Violent complainant

By and |  January 3, 2014

An employee complained about a defective seat in his haul truck. His supervisor told him his complaint was “petty.” The employee threw a pen at the supervisor and was immediately discharged. The employee filed a wrongful discharge case with the Federal Mine Safety and Health Review Commission alleging discriminatory discharge due to a safety complaint.

An aggregates producer may go forever without receiving safety complaints from employees. Genuine attention to employee well-being by a mine operator usually keeps employees from aggressively confronting management.

Still, no company is immune because an employee may pursue a case for any alleged retaliatory action by his employer. Some complaints are genuine. Some are not – including disagreements unrelated to safety. The case of the employee who threw a pen after his safety complaint was disparaged is a mixed bag.

The case
In David Stache v. Alvin J. Coleman Son Inc., the supervisor testified that the pen throwing occurred while the supervisor was suspending Stache for not reporting an emergency steering defect on his haul truck. Of particular concern was a citation MSHA wrote for the defect, which Stache should have found and reported.

The complainant claimed he did not have adequate time to do a complete equipment pre-operation inspection because of production needs. The complainant had the pen in hand because his supervisor had asked him to sign his notice of two-day suspension. When the complainant became hostile and threw the pen, the supervisor discharged him.
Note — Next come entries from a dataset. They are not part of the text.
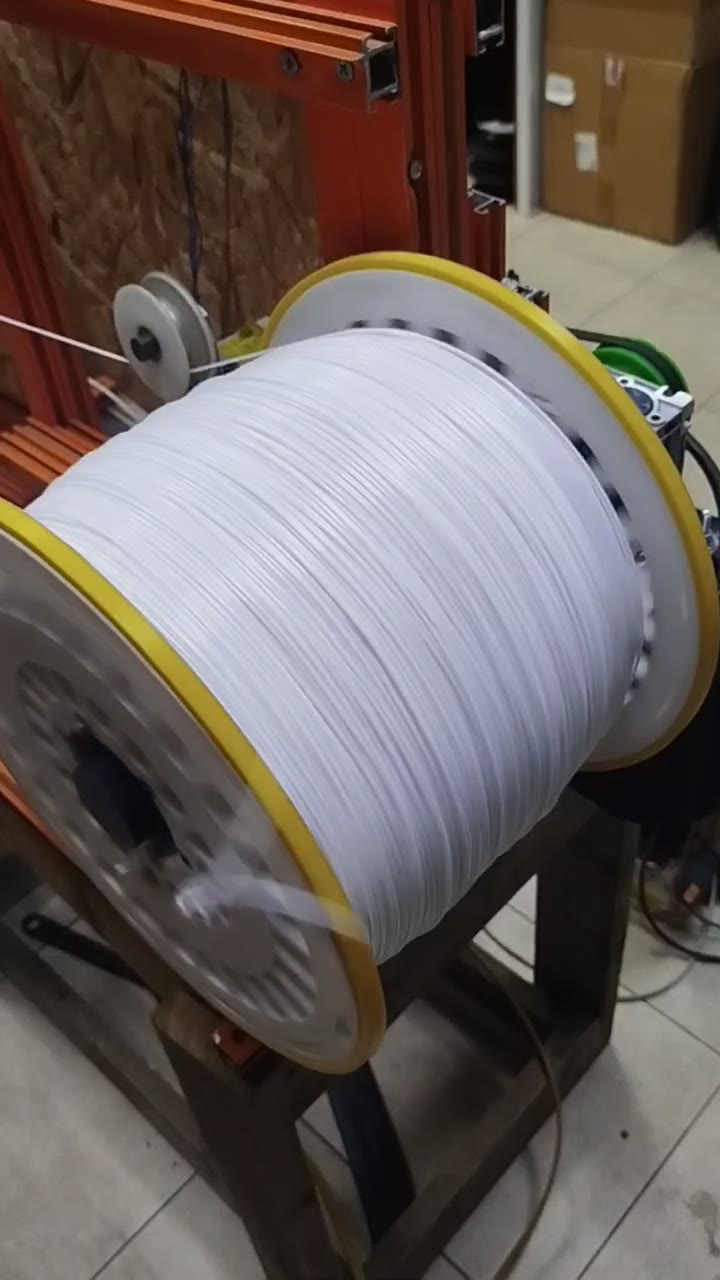 Филамент petg, белый пластик, 900 гр - видео 6
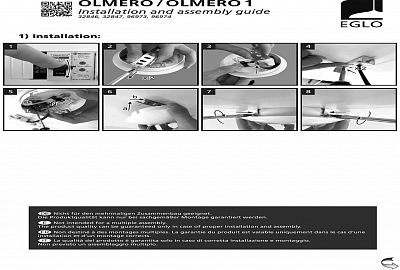 Подвесной светильник Eglo Olmero 96973 400_400_1681220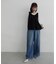 《S～XL展開》ポインテッドクロスストラップシューズ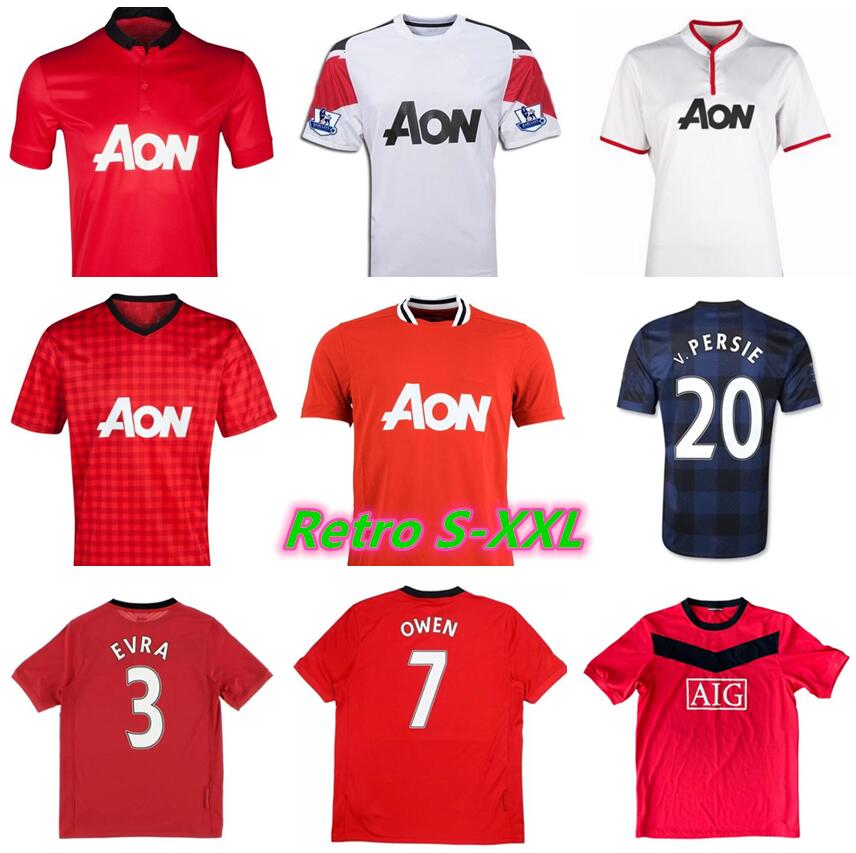 Manchester ROONEY GIGGS MAN RETRO UTD 2009 2010 2011 2012 2013 2014 soccer jerseys vintage OWEN 09 10 11 12 13 14 football shirts SCHOLES BERBATOV NANI camiseta
Manchester ROONEY GIGGS MAN RETRO UTD 2009 2010 2011 2012 2013 2014 soccer jerseys vintage OWEN 09 10 11 12 13 14 football shirts SCHOLES BERBATOV NANI camiseta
The complainant testified he was a victim of discrimination. Claiming he was treated unfairly, the complainant cited incidents over the last couple of years in which the company was not responsive to reports he made regarding safety defects on his truck. The supervisor conceded this in part, testifying, for example, that “he pondered installing a new air conditioner for several years instead of immediately installing it on Stache’s request.” Other things, such as a persistent oil leak, were fixed and a mechanic promised Stache his broken seat would be repaired.

The judge’s findings
The judge found there was “no direct evidence that Stache’s termination was motivated by protected activity.” The judge evaluated circumstantial evidence and concluded that the complainant had proved protected activity, including his protests at the time of suspension and his suggestion he might take a case to MSHA. The judge held that the close connection in time between protected activity and discharge is strong circumstantial evidence of discrimination. He said the supervisor “clearly knew of the protected activity, and terminated Stache minutes after he engaged in the protected activity.”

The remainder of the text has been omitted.